I thought I had succeeded, and I began to secretly rejoice, but soon after I was happy, the teacher called me to the door and said something to me, which completely changed my mind. "the teacher just asked you a question, his own last year's manuscript or borrowed manuscript, which manuscript would you like to use? Pick one! " I saw the teacher's firm eyes and tone, instantly put an end to the idea of giving up. So, the teacher and asked me to go to the office to recite the manuscript, the office without the noise in the classroom, the heart also quieted down, unexpectedly, I only took 10 minutes, then the whole manuscript to memorize the word-to-word down.

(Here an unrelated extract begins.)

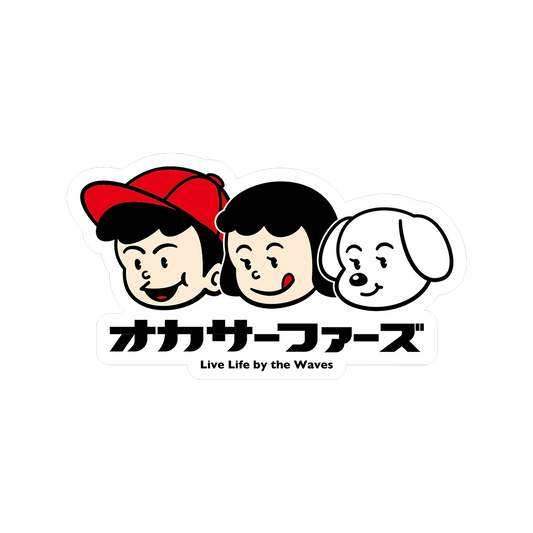 オカサーファーズステッカー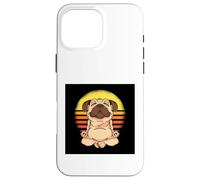Yoga Pug | Meditation Case for iPhone 16 Pro Max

This is when the teacher walked into the office and saw me reciting my manuscript, patting me on the shoulder, saying with great care, "this is only a preliminary race, and there will be a lot of things you don't want to face and have to face on your way to life in the future." Avoiding doesn't solve any problem, even if you end up reading it. I also said that I fear of losing face for our class, but the teacher told me not to go to the class is the most humiliating, to face the challenge! I was so surprised and happy that it spread all over me.
In a few moments, I came to the stage, I calmly put on a word and fluently recited the manuscript, as soon as I came out of the examination room, I ran out with full of excitement to pass on this good news to the teacher, after this thing, I exceeded myself. No matter what the end result, I am satisfied! Gained experience, broke through their own, is the greatest honor!
Everyone wants to give up, but it's like a fork in the road. Every time you make a different choice, it takes you to a different height of your life.